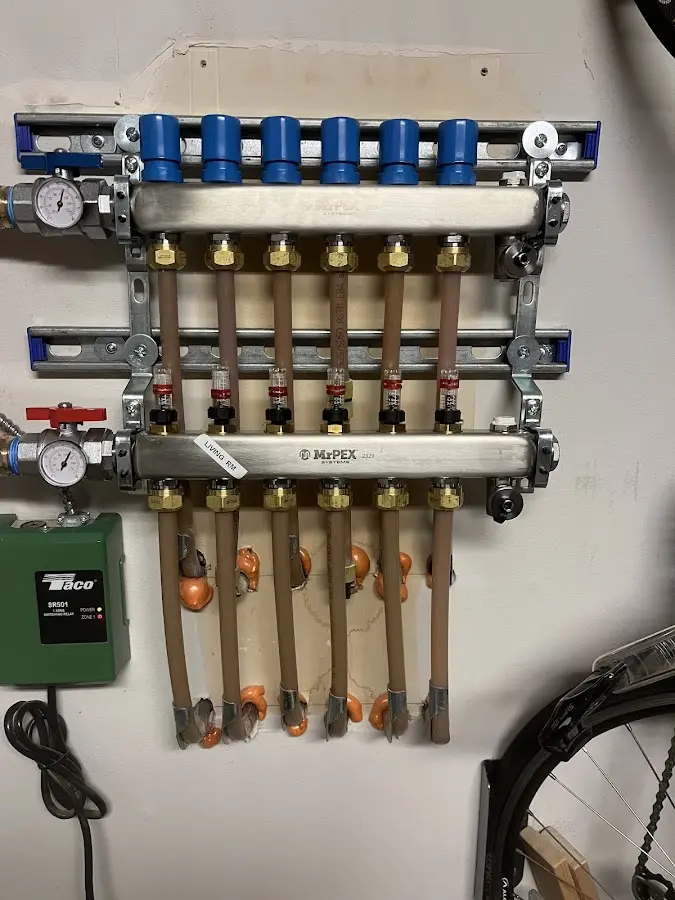 Plumber performing Water Heater Repair at a residential property in Bloomer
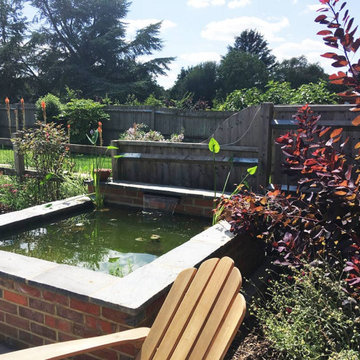 Amersham Barn Garden - Raised Pond with aquatic planting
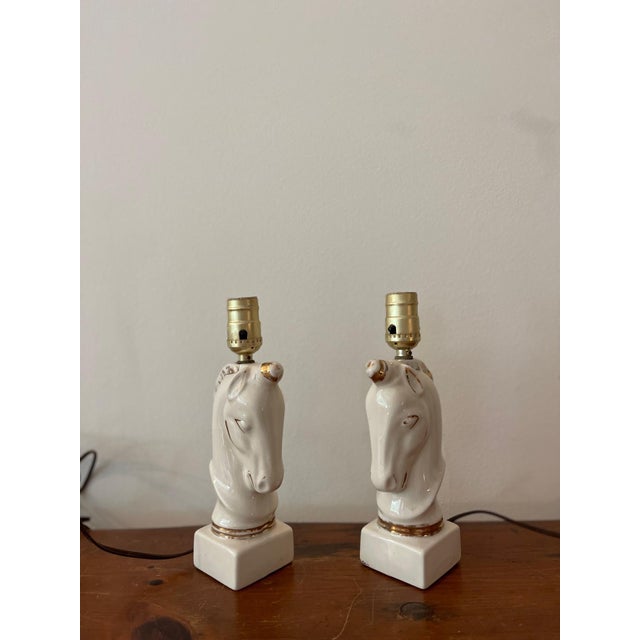 Pair of ceramic lamps of chess piece-horse-heads, or unicorns for a child's bedroom.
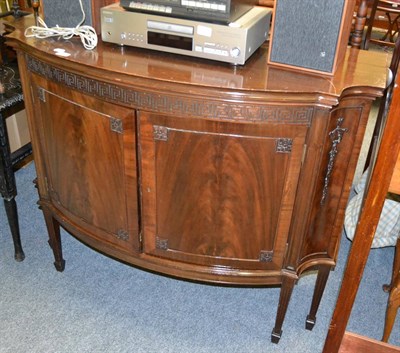 Lot 1044 - A bow fronted cupboard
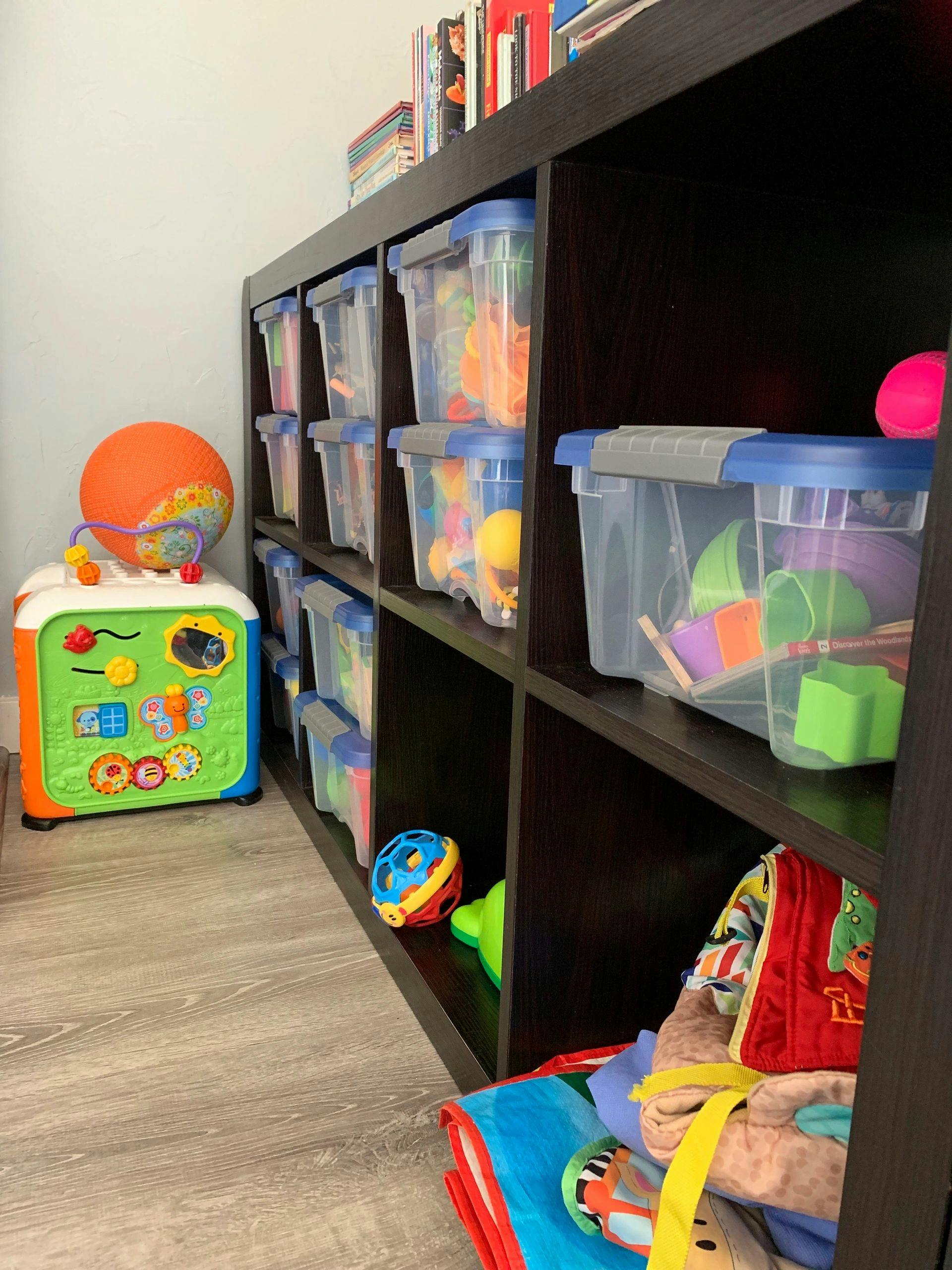 Toy storage shelves with clear bins of toys and an activity cube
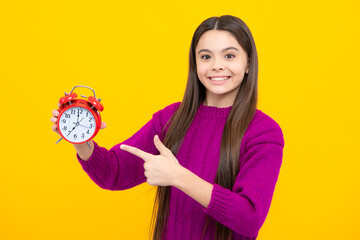 Portrait of teenage girl with clock alrm, time and deadline. Studio shot isolated on yellow background.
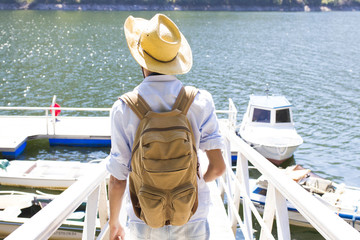 young traveller with the backpack at the jetty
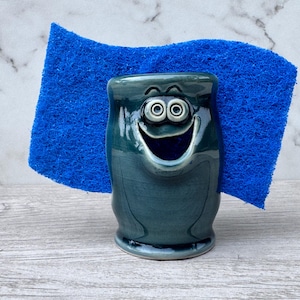 May include: A set of three ceramic mugs with a speckled, cream-colored glaze. Each mug features a different hand-painted design: a blue and green leaf, a yellow and orange flower, and a red berry sprig. The mugs have a simple, rounded shape.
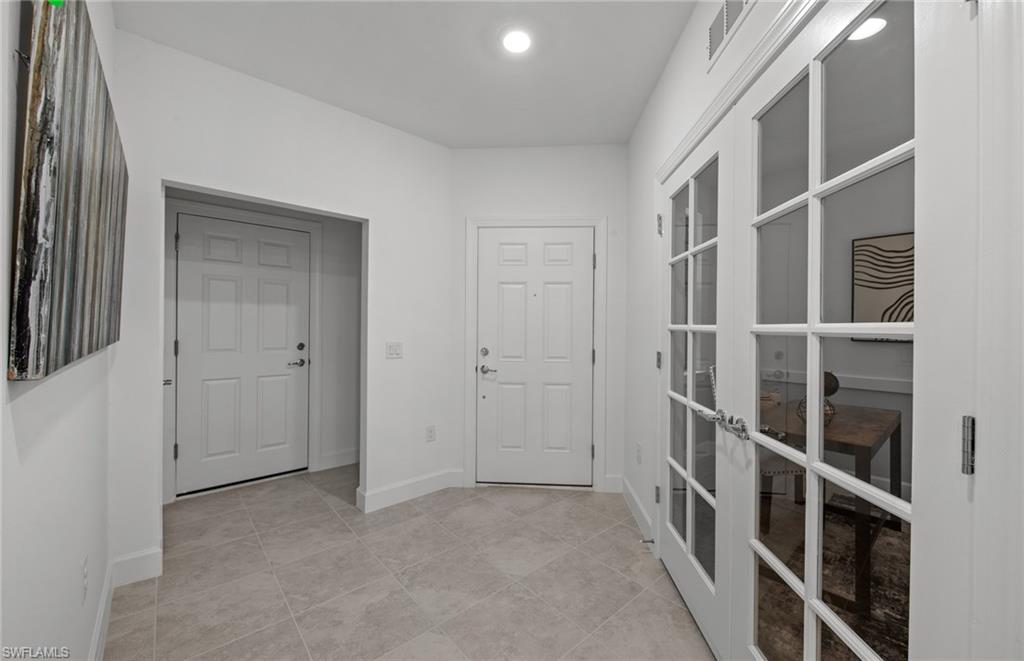 5693 Mayflower Way, Unit 1107 Ave Maria, FL 34142 - Photo 23 of 46 a view of a hallway with wooden floor and entryway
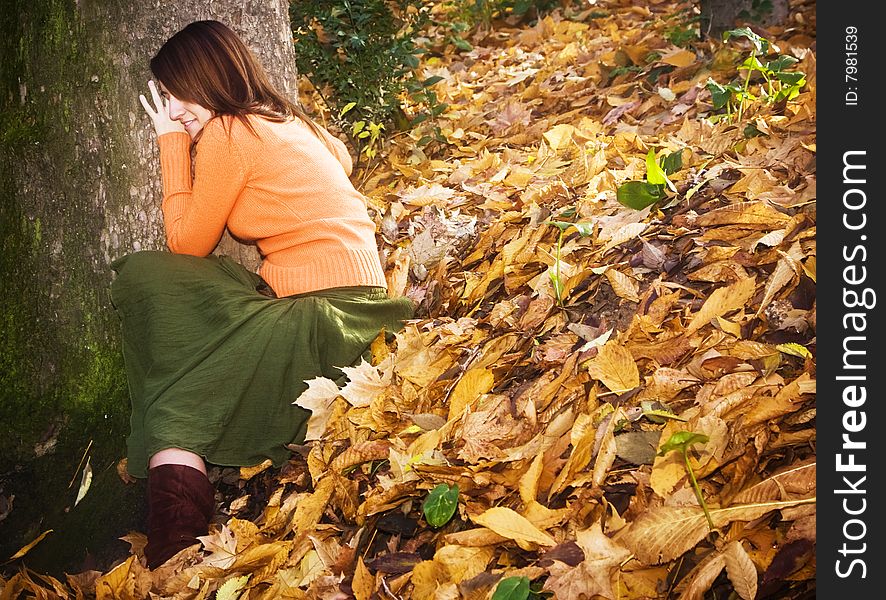 Young smiling woman in nature.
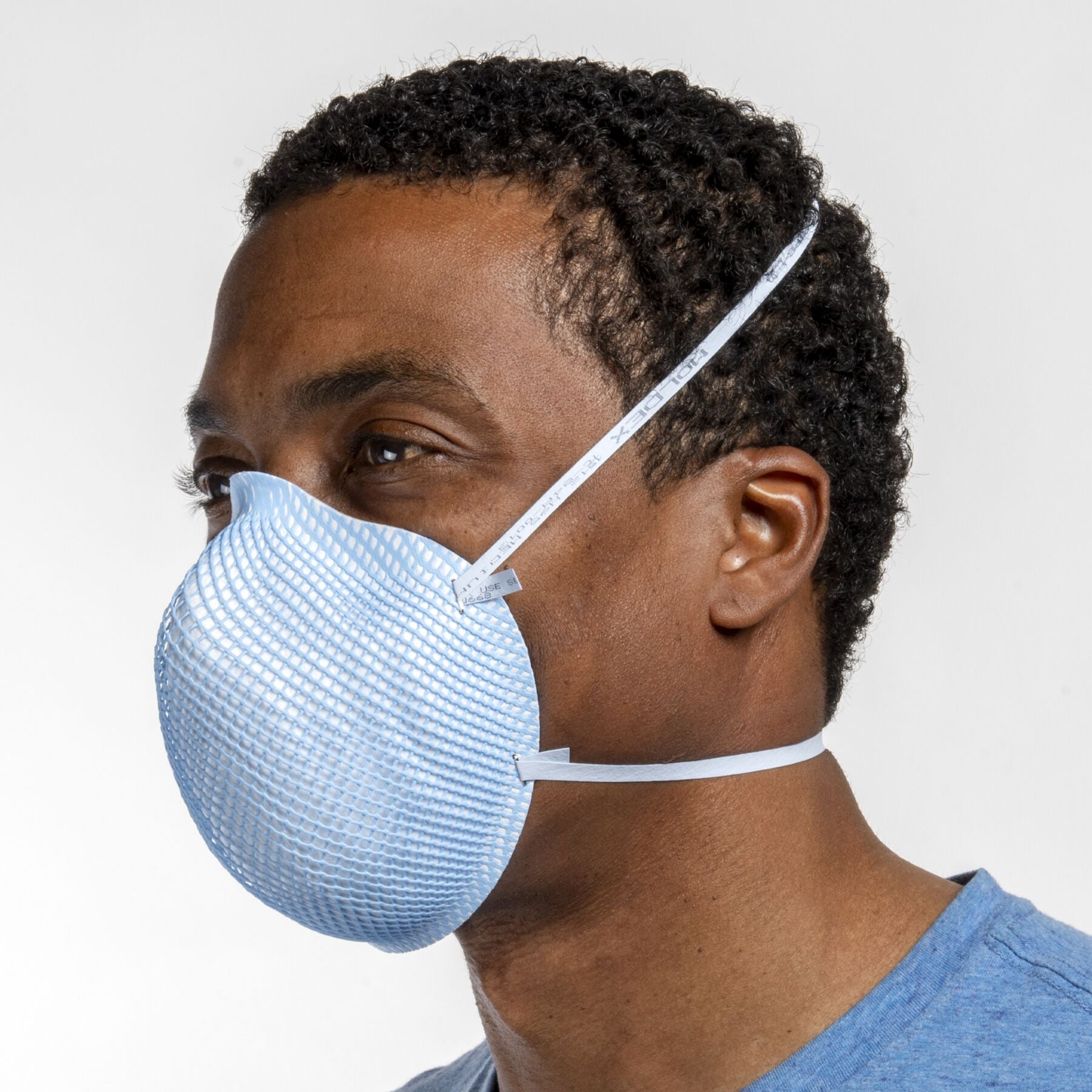 Man healthcare worker wearing blue medium health care NIOSH N95 surgical respirator from Canada Strong Masks.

-=-=-

Exercise aim => Pictures stay out. Return exactly the lines from the one with "Young smiling woman in nature." through the last line of the data.

Output for this task =>
 Young smiling woman in nature.
 Man healthcare worker wearing blue medium health care NIOSH N95 surgical respirator from Canada Strong Masks.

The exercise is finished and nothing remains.